Mit dem Wirksamwerden der Freigabe wechselt auch die Arbeitgeberstellung, d.h. diese fällt auf den Insolvenzschuldner zurück. Ihm steht sodann (wieder) alleinig die Verwaltungs- und Verfügungsbefugnis zu, die mit Insolvenzeröffnung gem. § 80 InsO auf den Insolvenzverwalter überging. Den Schuldner treffen daher wieder sämtliche Arbeitgeberpflichten.

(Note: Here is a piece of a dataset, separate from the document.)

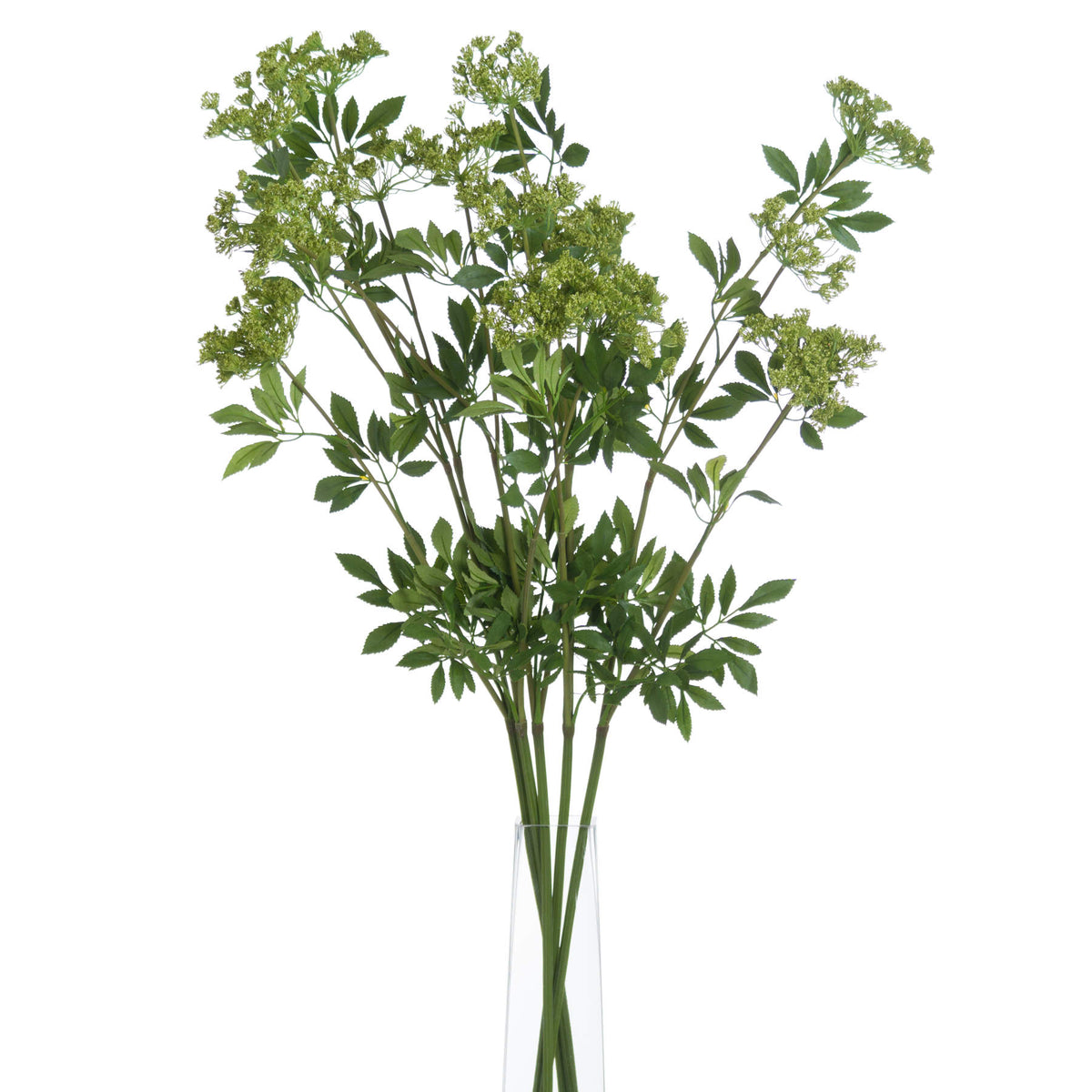 Faux Cow Parsley Ammi image 3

Nach der Freigabeerklärung des Insolvenzverwalters obliegt es dem Schuldner gem. § 35 Abs. 2 i.V.m. § 295a Abs. 1 InsO, die Gläubiger durch Zahlungen an den Insolvenzverwalter/Treuhänder so zu stellen, wie wenn er ein seiner Ausbildung und seinen Erfahrungen angemessenes Dienstverhältnis eingegangen wäre. In den ab 1.1.2021 beantragten Insolvenzverfahren stellt das Insolvenzgericht den abzuführenden Betrag auf Antrag des Schuldners fest, § 295a Abs. 2 InsO. Den weiterhin selbstständig tätigen Schuldner trifft die Abführungsobliegenheit bis zum Ablauf der Wohlverhaltensperiode. Die Zahlungen sind kalenderjährlich bis zum 31. Januar des Folgejahres zu leisten, § 295a Abs. 1 S. 2 InsO.

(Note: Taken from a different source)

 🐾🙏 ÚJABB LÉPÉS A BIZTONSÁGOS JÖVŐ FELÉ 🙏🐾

Nach älterer Rechtsprechung lebten mit der Freigabe vorinsolvenzliche Forderungsvorausabtretungen (z.B. abgetretene Ansprüche des Arztes gegen die Kassenärztliche Vereinigung) wieder auf, sodass nach der Freigabe entstandene Forderungen auch im laufenden Insolvenzverfahren von der Zession erfasst wurden. In Abkehr von seiner bisherigen Rechtsprechung vertritt der BGH seit neuestem die Auffassung, dass das Erwerbsverbot des § 91 InsO einen Übergang der vor der Eröffnung des Insolvenzverfahrens wirksam voraus abgetretenen Forderungen auf den Zessionar hindert. Die von der Freigabe erfassten Vermögensgegenstände – insbesondere der Neuerwerb – erhält der Schuldner nach geänderter Rechtsprechung durch den Insolvenzverwalter unmittelbar und unbelastet von den gem. § 91 Abs. 1 InsO unbeachtlichen Vorausverfügungen zurück. An den aus der Masse freigegebenen Vermögenswerten können daher während der Dauer des Insolvenzverfahrens wegen der bis zur Verfahrensbeendigung maßgeblichen Erwerbssperre des § 91 Abs. 1 InsO keine Rechte von Gläubigern auf der Grundlage vorinsolvenzlicher Verfügungen entstehen. Altzessionare sind daher darauf verwiesen, nach Freigabe der selbstständigen Tätigkeit eine neue Forderungsabtretung mit dem Schuldner zu vereinbaren, sofern sie Zugriff auf die Forderungen haben wollen, die der Schuldner zwischen der Freigabe und dem Abschluss des Insolvenzverfahrens erwirbt.